The integumentary system is made of the skin and associated glands, hair follicles, and nails. The skin is largest organ of the body measuring about 2² meters and weighing about 3.35 kilograms. It covers the entire external surface of the body and plays crucial roles in protection, temperature regulation, and sensation. It develops from the ectoderm, mesoderm, and the neural crest. The ectoderm gives rise to the epidermis. the nails, and hair follicle, whereas the mesoderm gives rise to the dermis and dermal sheath of the hair follicles.
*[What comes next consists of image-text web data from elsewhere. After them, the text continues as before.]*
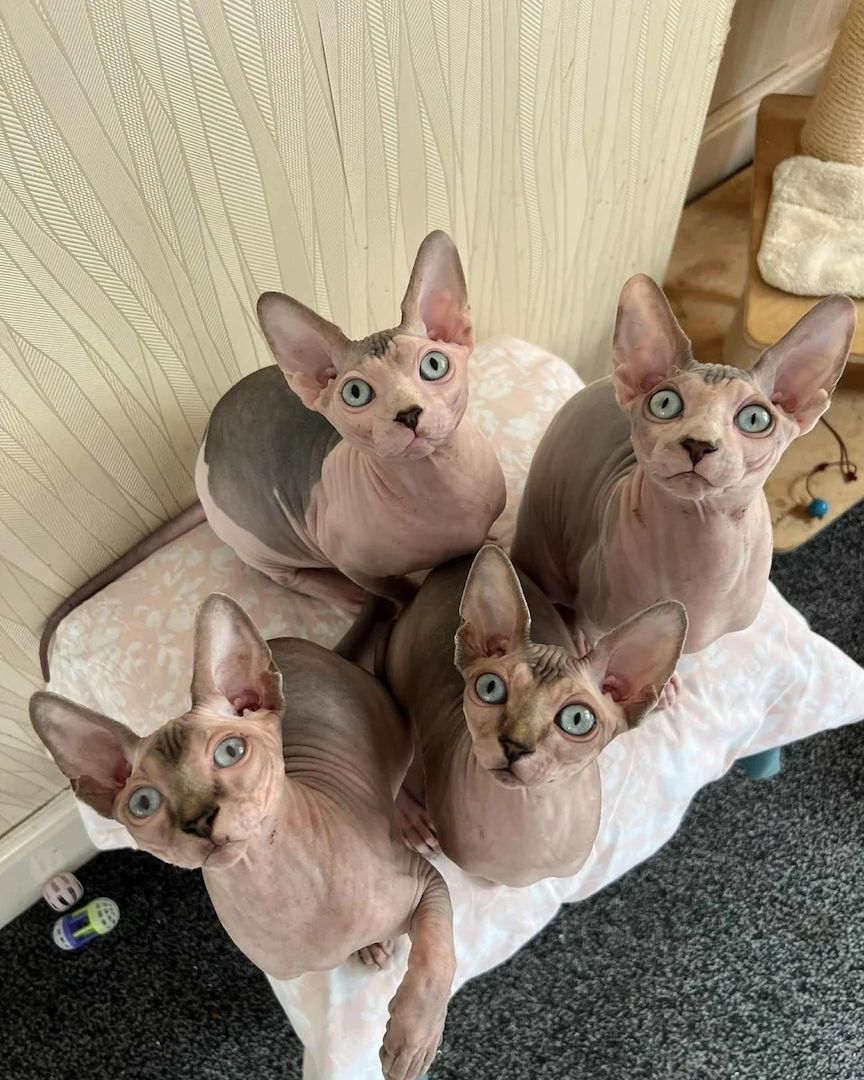 4 wunderschöne Sphynx-Kätzchen verfügbar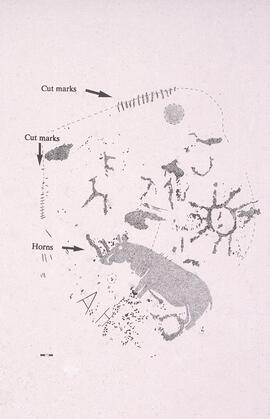 NASMUS RSA STO1 44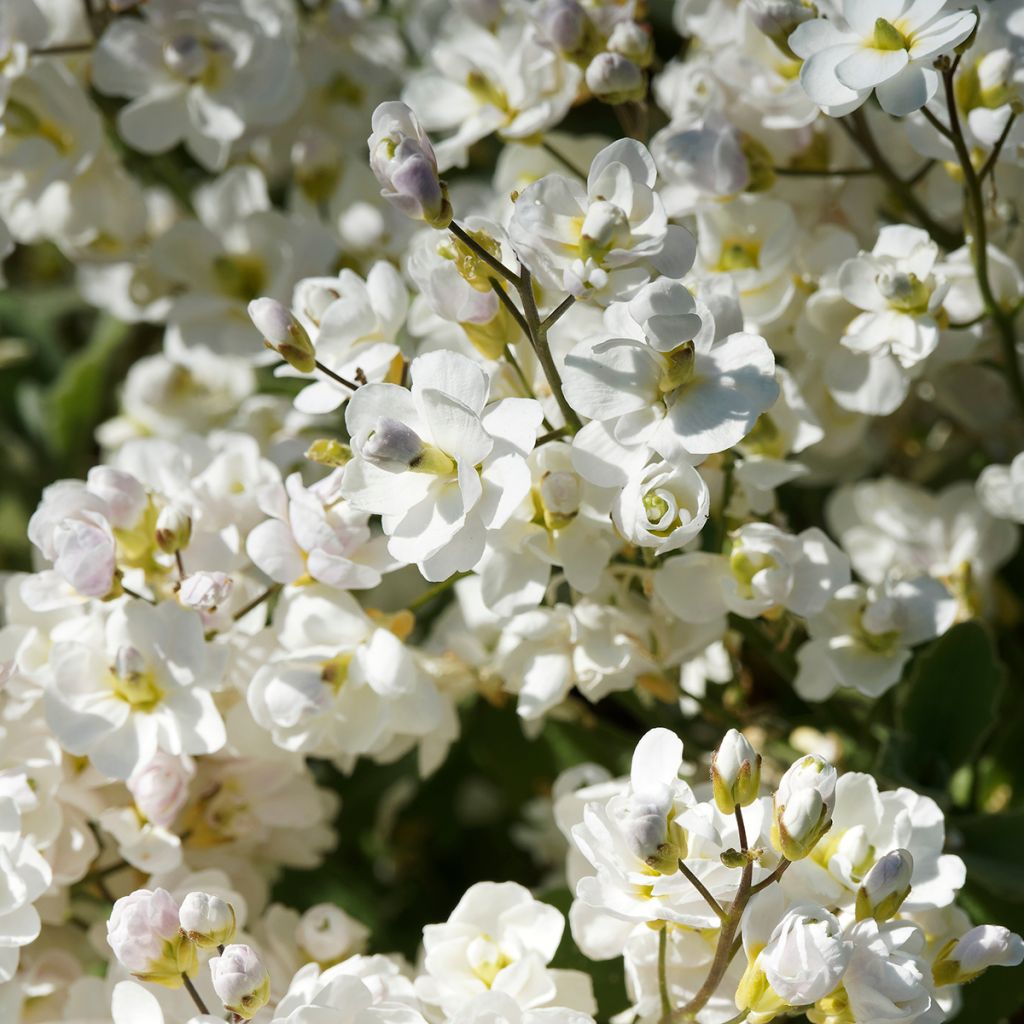 Arabis caucasica Plena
The neural crest give rise to melanocytes, the melanin-producing cells in the skin.

 Epidermis

The epidermis is outer layer of skin; it develops from the ectoderm in stages known as the stages of epidermal specification, commitment, stratification, terminal differentiation, and appendageal growth. These stages reflect the differentiation of ectodermal cells into keratinocytes at different stages of differentiation. Epidermal specification occur in the first few weeks of embryonic development where the single layer of flattened ectodermal cells differentiates into a superficial layer called the periderm and a deeper layer called the basal layer. The periderm keratinizes and participates in the formation a protective surface coat known as the vernix caseosa. The vernix caseosa which covers the fetal epidermis has several protective functions and a variable composition. It has a high-water content largely present within cells of the stratum corneum. In the following stages of ectoderm development which are known as the stages of stratification and differentiation, cells of the basal layer proliferate yielding numerous cells called keratinocytes. The newly formed cells are pushed upwards resulting the formation several new layers, a process known as stratification.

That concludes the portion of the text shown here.